Provides an overview of how high availability for Resource Manager works.

The ResourceManager service tracks a cluster's resources and schedules YARN applications.

Configure high availability for the ResourceManager so that the failure of the ResourceManager service is not a single point of failure for the cluster. The high availability of ResourceManager is based on the cluster configuration for restart, recovery, and failover.

Restart

The restart settings are configured on the warden.conf file.

By default, the Warden attempts to restart a failed service three times. You can configure the frequency that Warden attempts to restart failed services before initializing failover in the warden.conf file.

Recovery

By default, ResourceManager recovery is enabled and it uses the FileSystemRMStateStore implementation to store the ResourceManager state in the file system.

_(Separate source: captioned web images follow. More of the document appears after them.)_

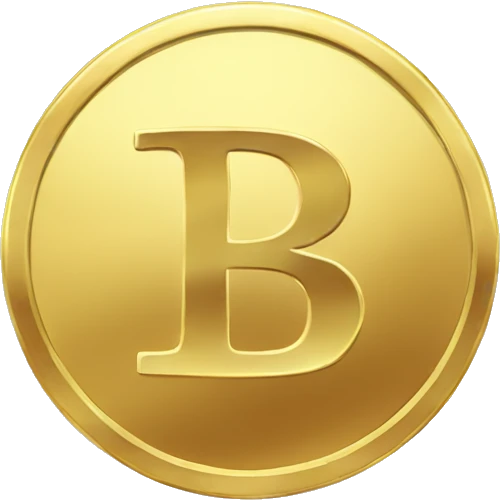Shiny Golden Coin with Б letter emoji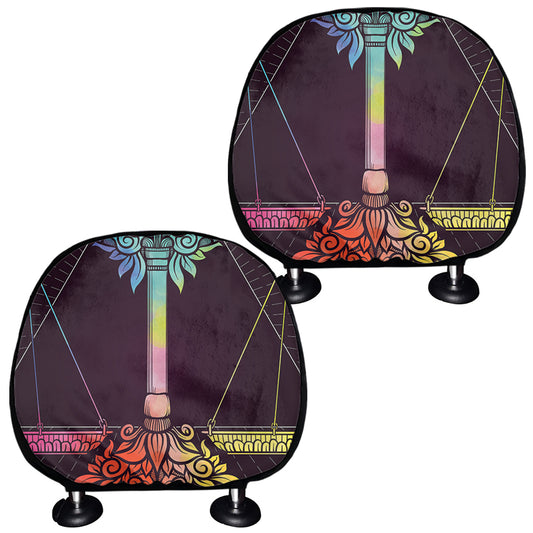 Colorful Libra Sign Print Car Headrest Covers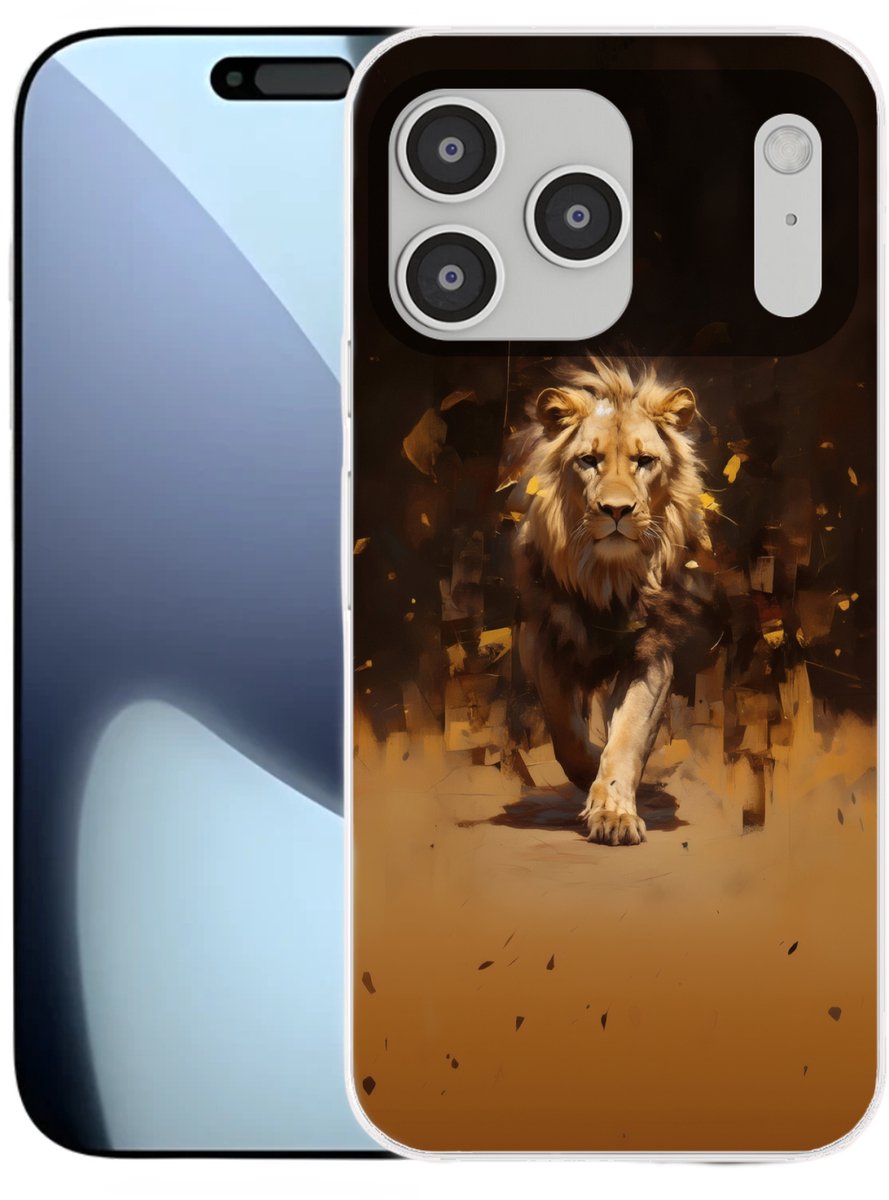 Telefoonhoesje Geschikt voor iPhone 17 Pro Max hoesje - Leeuw - Geschilderd - Abstract - Goud - Siliconen Telefoonhoesje Telefoonhoesje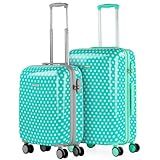 ITACA – Neceser de policarbonato para Mujeres y niños. Neceser de Viaje de Calidad rígida con asa Superior y Correa para el Hombro Ajustable. Marca Elegante, Lunares de Menta, 55 cm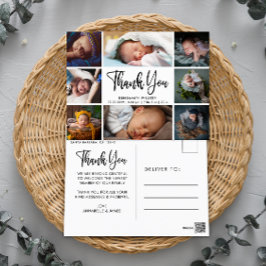 Cartão Postal Anúncio de agradecimento de bebê com colagem de fo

When a ResourceManager restarts or fails over, the active ResourceManager can recover the state of the previously running ResourceManager. You can configure the ResourceManager to have no recovery. You can also configure the state store implementation that you want to use. For more information, see Recovery for the ResourceManager.

Failover

To configure failover, the cluster must have one or more nodes with the ResourceManager role.

You can select one of the following failover implementations when you use the configure.sh utility to configure each node:

  • Zero Configuration Failover - In this failover mechanism, Warden manages the ResourceManager failover. When the active ResourceManager fails, one of the standby ResourceManager nodes automatically loads the working state from the state store and continues providing services to the cluster. It can be configured with a fresh configure.sh without -RM property in command.

    Zero configuration failover is the default and recommended setting for the following reasons:
    • Only one ResourceManager process consumes cluster resources. With the manual or automatic failover option, the active and standby ResourceManagers consume cluster resources.
    • Warden initiates failover automatically. With the manual failover, you need to manually run the yarn rmadmin command for failover to occur.
    • Simplified clients connectivity. Clients identify the active ResourceManager with a single request to the Zookeeper. With the manual or automatic failover option, ResourceManager clients connect to each ResourceManager in a round-robin fashion until they locate the active ResourceManager; this results in delays when launching or querying jobs.
    • Consistent Configuration. All cluster nodes and clients can use the same yarn-site.xml configuration file. With manual or automatic failover, you must maintain a customized yarn-site.xml file for each node that runs the ResourceManager.

    For information, see Zero Configuration Failover for the ResourceManager. For information on enabling zero configuration failover, see Enabling Zero Configuration Failover for the ResourceManager

  • Manual or Automatic Failover - For information on the manual or automatic failover, see Manual or Automatic Failover for the ResourceManager.

    For information on changing to manual failover from automatic failover, see Manual Failover Administration.

    For information on configuration of automatic failover, see Configuring Automatic Failover for the ResourceManager.

    IMPORTANT
    The ResourceManager configuration properties can be set in yarn-site.xml if you wish to override any of the default values. See ResourceManager Failover Properties and ResourceManager Recovery Properties for property details.